Ein Sturm zieht auf, heißt eine beliebte Redewendung in amerikanischen Spielfilmen, wenn sich Unheil anbahnt. In Deutschland findet das Unwetter seit Jahren in der Hochschullandschaft statt: der vielbeschworene wachsende Ansturm der Erstsemester. Die Hochschulen müssen immer mehr Erstsemester aufnehmen: Die Frankfurter Goethe-Universität hatte im vergangenen Wintersemester rund 41.000 Studenten, im kommenden rechnet sie mit mehr als 42.500. Das wäre ein Drittel mehr als noch im Wintersemester 2007/2008. Grund dafür ist vor allem die Zunahme von Bachelor- und Master-Studenten, deren Zahl schneller steigt als die Zahl der Diplom- und Magister-Studenten abnimmt.

Pilotbetrieb ohne Frankfurt

Mit den zahlreichen Bewerbern ist auch die Frage nach der Zulassung verbunden. Doch sprach man einst noch vom Chaos um die Vergabe von zulassungsbeschränkten Studienplätzen, scheinen die Universitäten mit der Verteilung des Ansturms gut klarzukommen – auch wenn es noch keine zentrale Stelle gibt, die die Vergabe koordiniert. Olaf Kaltenborn, Sprecher der Goethe-Uni, spricht von einer „Punktlandung“: „Wir haben unsere Kapazität an Studienplätzen weitgehend erreicht“, sagt er. „Das ist nicht leicht hinzubekommen. Es bedarf realistischer Einschätzungen.“ Vier Wellen von Bewerbungsrunden seien nötig, bis die Studienplätze weitgehend besetzt sind.

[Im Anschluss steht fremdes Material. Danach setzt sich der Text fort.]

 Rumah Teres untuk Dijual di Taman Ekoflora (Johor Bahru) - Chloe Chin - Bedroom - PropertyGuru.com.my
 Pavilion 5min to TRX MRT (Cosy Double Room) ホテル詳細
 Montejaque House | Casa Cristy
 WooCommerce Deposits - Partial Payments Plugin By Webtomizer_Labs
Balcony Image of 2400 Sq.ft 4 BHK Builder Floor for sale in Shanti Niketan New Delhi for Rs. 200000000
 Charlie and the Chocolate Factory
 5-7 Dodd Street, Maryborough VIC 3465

Vorhersagen trifft die Uni aufgrund der Erfahrungen aus den Vorsemestern. So sei etwa das Annahmeverhalten in Psychologie gut, sagt Marco Blasczyk, Leiter der zentralen Studienberatung – in Fächern wie Geografie, Philosophie und Germanistik ist es schon schwieriger, die Plätze vollzukriegen, da sie häufig nur die zweitliebste Wahl für Studenten seien. „Wenn es für diese Fächer einen Numerus clausus gibt, dann werden sie nicht ganz voll, aber wenn es keinen gibt, dann sind sie überlaufen“, so Blasczyk.

Für die Studienplatzvergabe nutzt die Goethe-Uni die Standard-Software der Hochschul Informations System GmbH (HIS). Mit dieser können sich Studieninteressierte online bewerben und überprüfen, ob sie für eines ihrer Wunschfächer zugelassen worden sind. Wenn die Universität einen Platz anbietet, wird der Bewerber informiert und hat zehn Tage Zeit zuzusagen. Tut er dies nicht, wird der Platz anderweitig vergeben. Da sich viele an mehreren Universitäten gleichzeitig bewerben, kommt es zu Wartezeiten und Nachrückverfahren.

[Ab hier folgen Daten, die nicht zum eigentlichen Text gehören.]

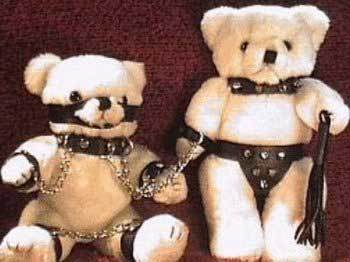 Kinky Bears-photo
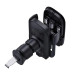 Автотримач для телефона з бездротовою зарядкою Baseus Milky Way Pro (C40357000111-00) Автотримач для телефона з бездротовою зарядкою Baseus Milky Way Pro (C40357000111-00)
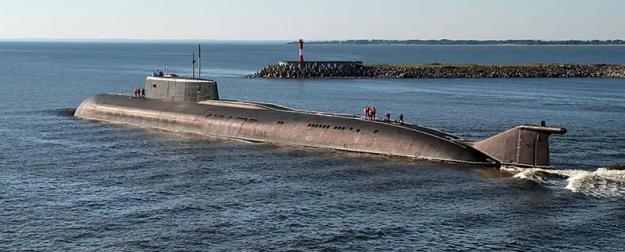 Британия и Норвегия возглавили военную операцию против подлодок РФ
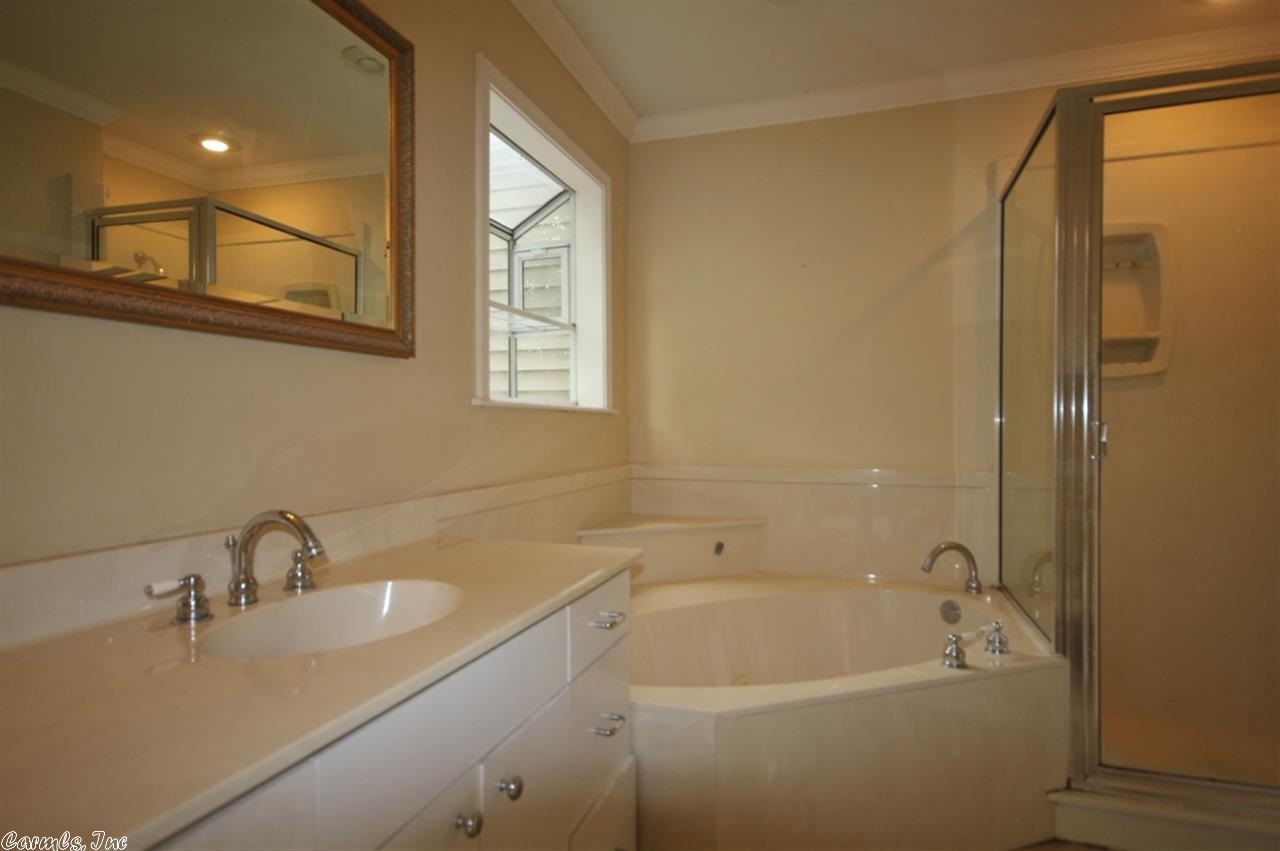 Paschal Heights - Residential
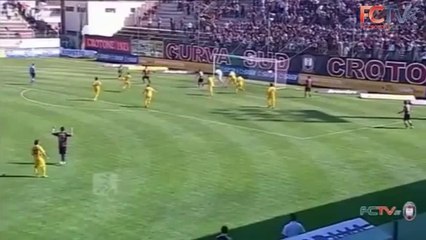 Ciano, ho voluto fortemente il Crotone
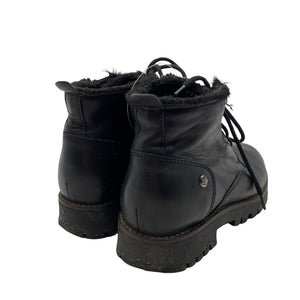 Naisten Panama Jack - Nilkkurit, koko 37 - Musta (3)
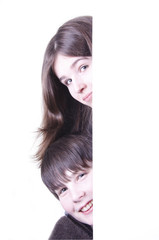 Versteck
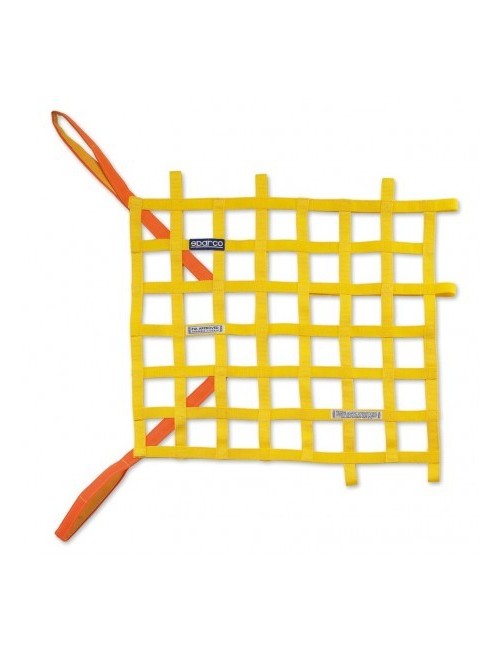 Filet de Sécurité Sparco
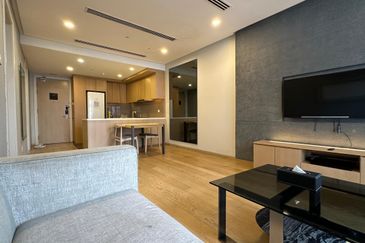 188 Suites Service Apartment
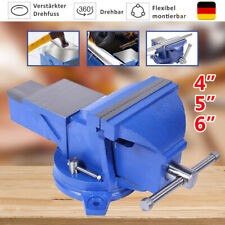 Schraubstock 100 125 gebraucht kaufen  Ginsheim-Gustavsburg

Nun ist im Mai für das kommende Wintersemester ein zentrales Bewerbungsportal gestartet, das die Zulassungsverfahren der Hochschulen für Studiengänge mit örtlicher Zulassungsbeschränkung vereinfachen und beschleunigen soll: das Dialogorientierte Serviceverfahren (DoSV) auf der Internetseite hochschulstart.de. Betreut wird sie von der Stiftung für Hochschulzulassung, ehemals Zentralstelle für die Vergabe von Studienplätzen (ZVS).

Eigentlich sollte das DoSV schon vor drei Jahren starten, doch weil die HIS es nicht schaffte, die von der Telekom-Tochter T-Systems entwickelte Plattform an die eigene Software anzubinden, wurde der Termin verschoben. 15 Millionen Euro soll das Projekt die Bundesregierung gekostet haben.

In diesem Jahr nehmen nur 17 von 300 Hochschulen an dem Pilotbetrieb teil – was nicht gerade den Anspruch der Plattform erfüllt, bundesweit flächendeckend zu sein. Auch die Goethe-Uni ist nicht darunter: „Wir können es uns nicht leisten, in ein Auto ohne Räder zu steigen“, sagt Kaltenborn – zumal die Teilnahme die Unis zusätzlich Geld kostet.